La pretensión del Gobierno de implantar un peaje en todas las vías de alta ocupación del Estado, incluida en el plan de recuperación enviado a Bruselas, ha levantado una enorme polvareda, en parte provocada por la manera en que se ha presentado a la sociedad: por sorpresa (en un sentido totalmente opuesto al que parecía indicar lo sucedido en los últimos años, con la no renovación de concesiones y peajes y la gratuidad de tramos ya completamente amortizados por sus concesionarios) y en un escenario de crisis que hace difícil asumir esta nueva carga. El Gobierno lo justifica en la necesidad de buscar un modelo de financiación para el mantenimiento de la red de carreteras del Estado, incluyendo las autopistas que han dejado de ser explotadas por las empresas concesionarias y cuyo buen estado ha pasado a ser responsabilidad íntegramente de la Administración. El déficit acumulado se estima en casi 8.000 millones de euros, así que la necesidad es cierta e ineludible. Aunque viene de lejos, por lo que hubiera sido preferible haber planteado con tiempo un debate sereno con todos los actores afectados antes de lanzarlo en forma de proyecto sin marcha atrás. Aunque el Gobierno se preste ahora a buscar vías de consenso sobre su implantación, y asegure que no se empezará a desarrollar hasta 2024 y solo si la situación económica ha mejorado, la necesidad de buscar financiación y cumplir con los compromisos con Europa dejan poco margen.

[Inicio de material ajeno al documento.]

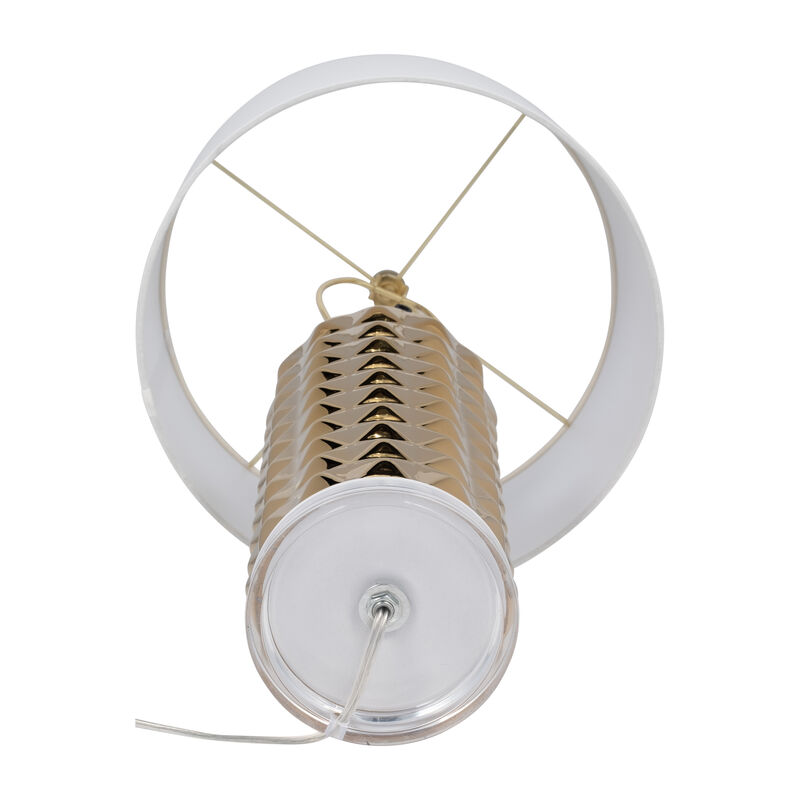 Ceramic 25" Table Lamp, Gold image number 5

La aplicación del pago por uso no será fácil de implementar. Quizá habría otros mecanismos con una logística más simple. Es inevitable que el debate se plantee en estos términos: ¿debe ser el uso de la red de carreteras de alta capacidad sujeto a una tasa que grave solo a sus usuarios, o ser financiado a través de los impuestos por todos los ciudadanos, circulen por ellas o no, igual que otros servicios públicos como la sanidad o la educación?

Hay razones para inclinarse, como plantea el modelo de peaje, por la primera de estas soluciones. Especialmente si se trata de cantidades modestas, comparadas por ejemplo con el gasto por carburante. El cobro por circular por las autovías no solo debe tener un objetivo recaudatorio, aunque este sea inevitablemente central, sino que ha de ser un elemento regulador e incluso disuasorio del uso del transporte privado por carretera con criterios ambientales, aplicando la lógica de que quien contamina paga. En este sentido, sería lógico que en la regulación que se adopte el vehículo eléctrico quede claramente beneficiado frente al que use combustibles fósiles. Igualmente, la opción del peaje frente a la financiación a través de impuestos también tiene un elemento de justicia distributiva. Aunque eso sería cierto siempre que también se tengan en cuenta a los trabajadores y autónomos con ingresos bajos para quienes el coste del desplazamiento obligado por motivos laborales ya supone una carga difícil de asumir. El ejemplo de lo sucedido en otros países europeos con la imposición de cargas a los combustibles obliga a recordar que se está pisando un terreno muy delicado.